About the uniqueness of the hyperspaces $C(p,X)$ in some classes of continua

TL;DR

This paper characterizes when the hyperspace of subcontinua containing a point in a continuum is unique up to homeomorphism, showing it occurs precisely when the continuum is a tree within certain classes.

Contribution

It provides a complete characterization of continua with unique hyperspaces relative to dendrites, answering open questions from prior research.

Findings

Unique hyperspace occurs only for trees among dendrites.

Some classes of continua do not have unique hyperspaces.

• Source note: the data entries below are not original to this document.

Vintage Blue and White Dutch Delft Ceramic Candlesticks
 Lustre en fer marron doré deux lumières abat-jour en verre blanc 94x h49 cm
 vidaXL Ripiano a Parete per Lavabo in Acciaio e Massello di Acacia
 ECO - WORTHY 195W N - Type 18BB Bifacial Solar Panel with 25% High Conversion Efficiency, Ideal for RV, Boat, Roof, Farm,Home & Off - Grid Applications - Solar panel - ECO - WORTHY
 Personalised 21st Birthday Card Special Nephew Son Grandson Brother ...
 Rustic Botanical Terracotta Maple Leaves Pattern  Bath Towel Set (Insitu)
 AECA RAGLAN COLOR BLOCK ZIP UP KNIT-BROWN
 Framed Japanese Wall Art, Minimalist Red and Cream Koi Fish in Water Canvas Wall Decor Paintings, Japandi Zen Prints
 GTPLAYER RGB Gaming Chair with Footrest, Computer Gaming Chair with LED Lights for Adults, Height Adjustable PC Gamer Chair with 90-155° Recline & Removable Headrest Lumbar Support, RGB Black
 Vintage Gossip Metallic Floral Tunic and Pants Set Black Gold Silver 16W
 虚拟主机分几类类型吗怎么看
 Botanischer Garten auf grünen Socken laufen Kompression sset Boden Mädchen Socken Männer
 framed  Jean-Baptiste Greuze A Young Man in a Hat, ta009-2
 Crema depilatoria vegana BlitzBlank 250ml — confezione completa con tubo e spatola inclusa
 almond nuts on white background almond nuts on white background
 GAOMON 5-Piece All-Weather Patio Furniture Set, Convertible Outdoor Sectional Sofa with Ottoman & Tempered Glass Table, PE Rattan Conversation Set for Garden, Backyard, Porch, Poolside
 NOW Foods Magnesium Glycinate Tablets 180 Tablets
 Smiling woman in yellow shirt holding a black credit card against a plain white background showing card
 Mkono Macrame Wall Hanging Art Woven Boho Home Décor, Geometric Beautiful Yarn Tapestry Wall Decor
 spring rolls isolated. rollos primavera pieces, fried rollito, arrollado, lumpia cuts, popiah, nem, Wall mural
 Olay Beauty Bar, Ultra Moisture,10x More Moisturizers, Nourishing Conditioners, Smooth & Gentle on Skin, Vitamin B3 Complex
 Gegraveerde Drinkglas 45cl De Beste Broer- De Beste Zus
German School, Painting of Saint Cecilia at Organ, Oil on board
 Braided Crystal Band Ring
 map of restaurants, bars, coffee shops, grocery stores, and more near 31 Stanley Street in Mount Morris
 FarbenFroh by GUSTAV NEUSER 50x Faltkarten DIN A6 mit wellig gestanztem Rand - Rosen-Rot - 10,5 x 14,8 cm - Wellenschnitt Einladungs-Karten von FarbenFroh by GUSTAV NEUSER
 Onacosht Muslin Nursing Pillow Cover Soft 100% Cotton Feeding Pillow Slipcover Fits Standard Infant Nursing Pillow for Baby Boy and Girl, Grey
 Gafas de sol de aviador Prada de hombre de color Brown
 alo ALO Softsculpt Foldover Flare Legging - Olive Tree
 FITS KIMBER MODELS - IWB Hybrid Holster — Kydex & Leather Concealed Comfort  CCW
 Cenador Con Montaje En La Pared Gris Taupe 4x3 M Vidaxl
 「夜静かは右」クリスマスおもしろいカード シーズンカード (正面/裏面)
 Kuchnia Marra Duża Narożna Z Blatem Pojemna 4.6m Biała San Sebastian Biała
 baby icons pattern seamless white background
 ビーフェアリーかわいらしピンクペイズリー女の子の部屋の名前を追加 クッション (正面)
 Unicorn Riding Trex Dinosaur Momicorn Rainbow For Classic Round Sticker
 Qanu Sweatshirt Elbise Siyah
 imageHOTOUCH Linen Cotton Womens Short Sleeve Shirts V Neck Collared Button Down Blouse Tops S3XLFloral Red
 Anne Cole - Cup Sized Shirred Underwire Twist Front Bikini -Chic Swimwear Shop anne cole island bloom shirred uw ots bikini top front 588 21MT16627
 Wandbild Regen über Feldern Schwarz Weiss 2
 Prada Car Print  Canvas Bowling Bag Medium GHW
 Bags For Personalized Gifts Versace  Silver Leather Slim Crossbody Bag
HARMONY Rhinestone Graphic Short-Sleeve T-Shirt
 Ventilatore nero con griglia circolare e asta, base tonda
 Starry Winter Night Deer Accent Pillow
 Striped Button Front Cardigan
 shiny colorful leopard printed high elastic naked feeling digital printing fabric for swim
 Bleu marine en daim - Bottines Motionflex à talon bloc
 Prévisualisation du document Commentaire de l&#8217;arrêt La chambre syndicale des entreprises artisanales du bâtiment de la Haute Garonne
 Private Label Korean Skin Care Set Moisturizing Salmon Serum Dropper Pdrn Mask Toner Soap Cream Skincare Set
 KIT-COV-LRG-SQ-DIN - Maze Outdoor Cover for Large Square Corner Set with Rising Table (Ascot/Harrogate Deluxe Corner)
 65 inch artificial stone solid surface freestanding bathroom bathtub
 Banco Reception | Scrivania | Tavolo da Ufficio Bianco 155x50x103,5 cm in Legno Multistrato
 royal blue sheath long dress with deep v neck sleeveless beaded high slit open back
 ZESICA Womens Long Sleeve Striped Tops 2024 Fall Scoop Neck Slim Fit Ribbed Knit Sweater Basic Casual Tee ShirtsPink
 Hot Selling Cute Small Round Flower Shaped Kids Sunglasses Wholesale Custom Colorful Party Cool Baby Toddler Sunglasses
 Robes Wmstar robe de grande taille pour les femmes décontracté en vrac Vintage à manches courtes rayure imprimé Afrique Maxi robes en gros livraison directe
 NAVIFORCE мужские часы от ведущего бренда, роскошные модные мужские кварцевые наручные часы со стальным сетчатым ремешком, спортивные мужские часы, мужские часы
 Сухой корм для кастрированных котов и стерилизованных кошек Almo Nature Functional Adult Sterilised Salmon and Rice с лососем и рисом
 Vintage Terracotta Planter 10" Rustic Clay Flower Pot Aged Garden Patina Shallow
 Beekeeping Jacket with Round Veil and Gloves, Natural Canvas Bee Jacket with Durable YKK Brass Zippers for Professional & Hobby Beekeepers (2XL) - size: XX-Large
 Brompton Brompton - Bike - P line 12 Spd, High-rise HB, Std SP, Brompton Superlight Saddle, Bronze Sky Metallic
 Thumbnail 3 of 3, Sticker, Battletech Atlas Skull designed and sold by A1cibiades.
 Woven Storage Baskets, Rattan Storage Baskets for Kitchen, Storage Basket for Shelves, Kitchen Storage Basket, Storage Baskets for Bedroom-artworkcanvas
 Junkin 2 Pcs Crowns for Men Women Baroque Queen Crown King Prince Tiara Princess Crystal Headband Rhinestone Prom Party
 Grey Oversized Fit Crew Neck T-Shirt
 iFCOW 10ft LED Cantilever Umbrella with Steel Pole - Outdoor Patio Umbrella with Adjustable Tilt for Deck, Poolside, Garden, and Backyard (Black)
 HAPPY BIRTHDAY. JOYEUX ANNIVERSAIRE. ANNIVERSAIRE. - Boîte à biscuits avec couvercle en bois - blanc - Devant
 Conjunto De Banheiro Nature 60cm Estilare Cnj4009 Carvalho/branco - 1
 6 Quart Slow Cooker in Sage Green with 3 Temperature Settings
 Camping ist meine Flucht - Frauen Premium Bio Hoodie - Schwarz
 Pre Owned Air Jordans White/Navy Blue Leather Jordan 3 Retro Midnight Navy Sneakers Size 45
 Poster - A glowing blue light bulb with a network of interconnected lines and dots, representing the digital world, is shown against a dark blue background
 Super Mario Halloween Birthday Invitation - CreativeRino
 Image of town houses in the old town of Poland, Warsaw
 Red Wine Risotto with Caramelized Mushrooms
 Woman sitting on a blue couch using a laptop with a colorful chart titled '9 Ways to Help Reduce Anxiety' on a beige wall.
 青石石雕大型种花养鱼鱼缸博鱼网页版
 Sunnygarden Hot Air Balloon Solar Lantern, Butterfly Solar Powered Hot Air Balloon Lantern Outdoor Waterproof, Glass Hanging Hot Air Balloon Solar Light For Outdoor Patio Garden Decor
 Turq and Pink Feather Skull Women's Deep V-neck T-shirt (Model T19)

The results clarify the structure of hyperspaces in continuum theory.

Abstract

Given a continuum $X$ and $p\in X$, we will consider the hyperspace $C(p,X)$ of all subcontinua of $X$ containing $p$. Given a family of continua $\mathcal{C}$, a continuum $X\in\mathcal{C}$ and $p\in X$, we say that $(X,p)$ has unique hyperspace $C(p,X)$ relative to $\mathcal{C}$ if for each $Y\in\mathcal{C}$ and $q\in Y$ such that $C(p,X)$ and $C(q,Y)$ are homeomorphic, then there is an homeomorphism between $X$ and $Y$ sending $p$ to $q$. In this paper we show that $(X,p)$ has unique hyperspace $C(p,X)$ relative to the classes of dendrites if and only if $X$ is a tree, we present also some classes of continua without unique hyperspace $C(p,X)$; this answer some questions posed in \cite{Corona.et.al(2019)}.